Here is some of the coyotes I got this year. The bottom picture was taken in early January before I sent these 6 to NAFA. It has been a funny year this year. My call in average is about the same as usual (1:3 or 1:4) but I have called in mainly singles this year. Oh well less get educated that way. I also included a picture of my first double of the year.


----------



## bearhunter (Jan 30, 2009)

nice looking coyotes :thumb:


----------



## saskcoyote (Dec 30, 2006)

Yo, Sask hunter: Nice lookin' dogs. Glad to see you're stackin' 'em up. Looks like you're doing a good job on the stretchers. They'll fetch a good buck this year with prices hovering around the $70-$80 mark.

What about you, Bearhunter? How's your season going with that 17-204? The more I check it out, the more I'm finding guys who are getting into them. I've whacked dogs this season with the .17 and the .204 so a combination of both would be a hoot.

I used to know a guy named Kdog, fellow had a Big V, if I recall. I -- and I'm sure a lot of guys who drop in here once in a while -- would be interested to see how a full season has worked out with the V. Gosh, I hope a coyote didn't get him because he got into a tight spot shooting a .204 that just isn't big enough for 'yote hunting.

Would like to hear some good stories from all the guys because I don't have any good ones to tell you.

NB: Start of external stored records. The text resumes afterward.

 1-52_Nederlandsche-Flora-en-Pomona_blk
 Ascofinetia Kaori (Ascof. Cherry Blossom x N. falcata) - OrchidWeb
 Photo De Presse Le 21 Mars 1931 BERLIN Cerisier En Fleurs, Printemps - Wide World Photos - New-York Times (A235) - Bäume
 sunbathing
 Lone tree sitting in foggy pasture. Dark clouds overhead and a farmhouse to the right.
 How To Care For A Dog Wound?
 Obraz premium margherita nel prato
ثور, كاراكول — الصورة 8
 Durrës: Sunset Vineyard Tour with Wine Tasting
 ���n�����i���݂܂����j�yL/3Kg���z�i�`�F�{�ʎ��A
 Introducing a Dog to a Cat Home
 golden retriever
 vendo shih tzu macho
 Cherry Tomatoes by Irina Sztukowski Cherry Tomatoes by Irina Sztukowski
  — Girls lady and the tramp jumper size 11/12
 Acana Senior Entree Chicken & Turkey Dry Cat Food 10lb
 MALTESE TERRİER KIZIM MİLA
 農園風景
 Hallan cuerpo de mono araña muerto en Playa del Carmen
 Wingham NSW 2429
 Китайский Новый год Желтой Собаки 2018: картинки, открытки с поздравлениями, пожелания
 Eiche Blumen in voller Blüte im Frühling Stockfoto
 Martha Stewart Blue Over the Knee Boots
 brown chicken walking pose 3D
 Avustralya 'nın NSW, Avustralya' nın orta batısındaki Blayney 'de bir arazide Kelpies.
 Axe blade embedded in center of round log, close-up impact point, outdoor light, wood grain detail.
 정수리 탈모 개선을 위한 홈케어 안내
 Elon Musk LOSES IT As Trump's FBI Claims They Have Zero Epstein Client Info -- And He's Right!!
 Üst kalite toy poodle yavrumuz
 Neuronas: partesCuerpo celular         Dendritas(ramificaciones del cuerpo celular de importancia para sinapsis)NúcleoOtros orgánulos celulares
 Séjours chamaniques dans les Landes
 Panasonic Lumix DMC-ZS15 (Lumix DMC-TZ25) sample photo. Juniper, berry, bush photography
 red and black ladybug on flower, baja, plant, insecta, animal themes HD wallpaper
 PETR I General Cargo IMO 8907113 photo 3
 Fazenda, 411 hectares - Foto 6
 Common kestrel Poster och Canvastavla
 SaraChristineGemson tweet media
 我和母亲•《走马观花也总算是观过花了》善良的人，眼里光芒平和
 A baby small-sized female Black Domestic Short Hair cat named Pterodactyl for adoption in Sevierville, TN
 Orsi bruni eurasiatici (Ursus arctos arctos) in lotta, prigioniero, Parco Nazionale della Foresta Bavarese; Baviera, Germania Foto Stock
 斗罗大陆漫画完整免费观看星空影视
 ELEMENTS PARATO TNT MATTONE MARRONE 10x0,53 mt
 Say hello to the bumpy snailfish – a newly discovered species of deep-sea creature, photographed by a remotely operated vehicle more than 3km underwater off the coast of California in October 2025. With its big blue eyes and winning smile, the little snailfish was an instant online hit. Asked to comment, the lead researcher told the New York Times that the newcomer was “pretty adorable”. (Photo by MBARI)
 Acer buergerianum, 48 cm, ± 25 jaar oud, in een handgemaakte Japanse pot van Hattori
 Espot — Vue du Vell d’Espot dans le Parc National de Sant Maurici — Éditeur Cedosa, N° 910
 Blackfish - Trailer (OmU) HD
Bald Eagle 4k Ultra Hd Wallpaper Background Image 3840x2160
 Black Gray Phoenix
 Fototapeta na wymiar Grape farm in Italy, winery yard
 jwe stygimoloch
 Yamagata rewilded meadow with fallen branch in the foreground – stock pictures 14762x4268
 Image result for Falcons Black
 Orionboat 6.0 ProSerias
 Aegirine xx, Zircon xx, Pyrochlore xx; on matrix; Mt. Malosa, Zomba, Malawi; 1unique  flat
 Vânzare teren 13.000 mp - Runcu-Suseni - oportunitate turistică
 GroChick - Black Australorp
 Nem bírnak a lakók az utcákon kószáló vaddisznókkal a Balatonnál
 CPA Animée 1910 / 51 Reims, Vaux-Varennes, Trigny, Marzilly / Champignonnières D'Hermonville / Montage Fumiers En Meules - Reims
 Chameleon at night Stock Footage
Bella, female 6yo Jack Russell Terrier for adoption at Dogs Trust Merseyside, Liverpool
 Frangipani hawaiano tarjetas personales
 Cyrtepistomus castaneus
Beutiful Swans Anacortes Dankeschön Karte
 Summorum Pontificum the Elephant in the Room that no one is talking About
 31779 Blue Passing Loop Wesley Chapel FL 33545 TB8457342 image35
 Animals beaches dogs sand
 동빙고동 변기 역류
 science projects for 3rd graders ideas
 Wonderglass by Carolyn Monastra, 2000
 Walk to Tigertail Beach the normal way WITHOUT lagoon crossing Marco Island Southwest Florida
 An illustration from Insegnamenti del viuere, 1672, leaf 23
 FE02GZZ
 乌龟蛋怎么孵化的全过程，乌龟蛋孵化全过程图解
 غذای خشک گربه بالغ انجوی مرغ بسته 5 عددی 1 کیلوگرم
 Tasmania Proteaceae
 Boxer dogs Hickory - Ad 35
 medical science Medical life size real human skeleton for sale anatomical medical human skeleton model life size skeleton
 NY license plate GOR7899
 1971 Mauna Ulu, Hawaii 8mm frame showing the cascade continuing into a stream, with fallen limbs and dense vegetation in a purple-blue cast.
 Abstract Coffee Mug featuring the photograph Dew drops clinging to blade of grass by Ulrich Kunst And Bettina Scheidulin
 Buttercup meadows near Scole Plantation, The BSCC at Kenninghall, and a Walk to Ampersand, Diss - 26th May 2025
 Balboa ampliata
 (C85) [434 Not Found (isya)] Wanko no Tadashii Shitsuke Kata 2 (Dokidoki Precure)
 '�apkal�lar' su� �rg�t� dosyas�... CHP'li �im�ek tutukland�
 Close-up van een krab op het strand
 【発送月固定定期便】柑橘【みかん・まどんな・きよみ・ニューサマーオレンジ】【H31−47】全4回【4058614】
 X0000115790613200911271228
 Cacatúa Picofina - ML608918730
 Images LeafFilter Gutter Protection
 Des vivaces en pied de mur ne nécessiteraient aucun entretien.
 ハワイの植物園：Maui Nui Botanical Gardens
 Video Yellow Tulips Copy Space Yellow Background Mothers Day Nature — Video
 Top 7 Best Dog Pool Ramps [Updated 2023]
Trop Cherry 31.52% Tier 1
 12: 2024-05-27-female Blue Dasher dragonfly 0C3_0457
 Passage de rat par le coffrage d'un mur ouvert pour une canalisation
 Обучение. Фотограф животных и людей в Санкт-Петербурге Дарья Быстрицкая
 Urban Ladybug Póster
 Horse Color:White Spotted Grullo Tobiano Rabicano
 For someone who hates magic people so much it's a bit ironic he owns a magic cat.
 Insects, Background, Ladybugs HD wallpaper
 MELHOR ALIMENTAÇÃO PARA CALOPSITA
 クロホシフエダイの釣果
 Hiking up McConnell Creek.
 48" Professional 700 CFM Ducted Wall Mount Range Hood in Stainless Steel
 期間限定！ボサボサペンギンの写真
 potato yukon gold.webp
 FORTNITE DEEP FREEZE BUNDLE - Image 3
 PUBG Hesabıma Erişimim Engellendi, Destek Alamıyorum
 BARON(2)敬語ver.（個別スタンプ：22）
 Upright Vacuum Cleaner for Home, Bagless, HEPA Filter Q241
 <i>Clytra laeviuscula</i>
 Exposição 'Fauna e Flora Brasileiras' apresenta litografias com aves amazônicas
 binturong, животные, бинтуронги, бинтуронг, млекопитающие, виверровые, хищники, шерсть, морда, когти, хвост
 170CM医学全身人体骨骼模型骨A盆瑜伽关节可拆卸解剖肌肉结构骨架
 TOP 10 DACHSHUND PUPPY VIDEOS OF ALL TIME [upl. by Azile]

Good luck, shoot straight. Saskcoyote.


----------



## bearhunter (Jan 30, 2009)

saskcoyote. this year has been TOUGH!!. not even comparable to the last 3. been hearing the same thing from all over. 
no complaints about the "Rice Burner". only troubles have been with "up the pooper" shots. straight on and broadside have been SPECTACULAR :thumb: have only shot about 40 with it but have only had 1 bad exit. (high throght shot,came out back of neck).
i at one time also figgered the .17's were PD guns. with the new (great) bullets out now,things have changes  
no more sewing fur (unless i go out hunting with?? :roll: ) i swear to GOD he shoots em with a RPG oke: i would not be afaid of shooting a straight up 17 rem with a good bullet.
if your thinking 17-204, pm me and i'll send you my smith's #


----------